La riforma agraria si può definire come una redistribuzione della proprietà terriera col fine di ottenere un più giusto ed equo accesso alla terra e all'acqua. Secondo Brown e Thiesenhusen (1983) la riforma agraria non comporta necessariamente solo la redistribuzione della terra dal proprietario terriero al coltivatore, ma anche la trasformazione delle disposizioni concernenti un'ingiusta occupazione del terreno agrario. Dalle definizioni date dagli studiosi, al di là delle diverse interpretazioni, risultano evidenti le forti implicazioni politiche di tale problema.
In America Latina, in particolare, la proprietà terriera era concentrata nelle mani di un piccolo gruppo di latifondisti e di un'alta percentuale di minifondisti (piccoli proprietari terrieri) mentre i lavoratori senza terra coltivavano il terreno. In gran parte dei paesi, la distribuzione della terra agli agricoltori senza terra rappresenta un aspetto molto importante della vita politica, che vede il generarsi di conflitti e violenze di ogni tipo dovuti, appunto, alla questione della riforma agraria.
In molti paesi, soprattutto asiatici, la riforma agraria è giudicata, invece, meno problematica. Siccome la proprietà data in affitto è vista come il mezzo esclusivo di accesso dei poveri alla terra, certuni pensano che alcune forme di locazione siano l'unica risposta possibile alla mancanza di accesso alla terra e alla pressione demografica esercitata su quest'ultima. Costoro sostengono che la riforma sulle proprietà in affitto rappresenti di per sé un guadagno sostanziale per gli agricoltori affittuari, che altrimenti sarebbero per sempre soggetti alla suddivisione dei prodotti del raccolto fino ad un 60-70%. La riforma agraria, in questo caso, implica che vengano garantiti termini molto più favorevoli agli affittuari attraverso un sistema di affitti bloccati e di regolamentazioni sulla locazione, quali disposizioni più ridotte riguardo alla divisione dei raccolti, piuttosto che all'attuale distribuzione.

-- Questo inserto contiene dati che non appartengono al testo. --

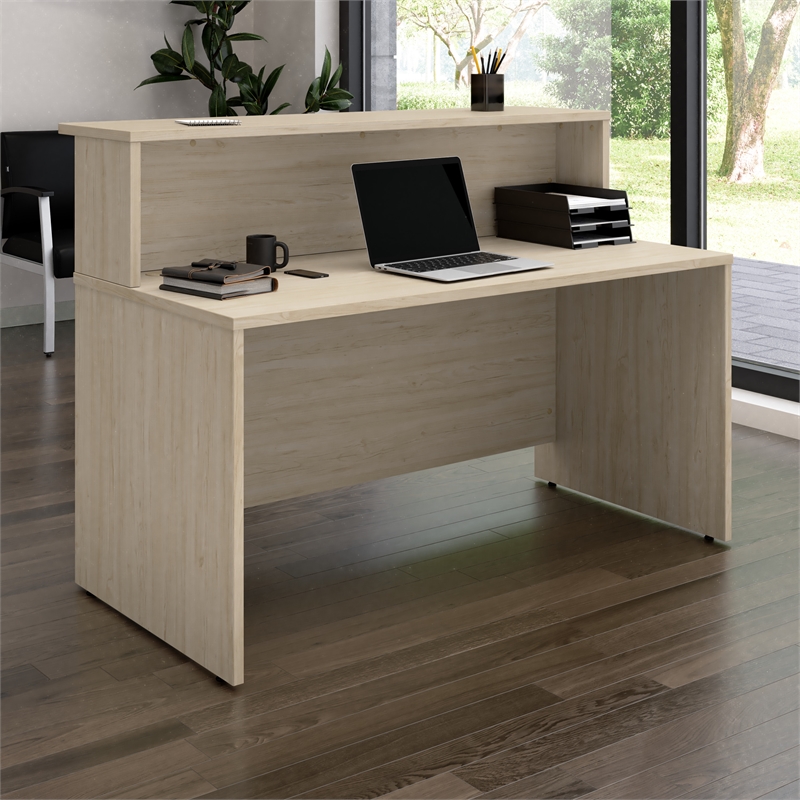 Arrive 60W x 30D Reception Desk with Shelf in Natural Elm - Engineered Wood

Indipendentemente dalla definizione, la riforma agraria richiede un passaggio del potere politico economico dalla sfera che lo detiene tradizionalmente, rappresentata ad esempio da proprietari terrieri, imprese agro-industriali - nazionali e internazionali -, usurai e commercianti, alla sfera dei piccoli coltivatori, degli affittuari e dei braccianti agricoli senza terra.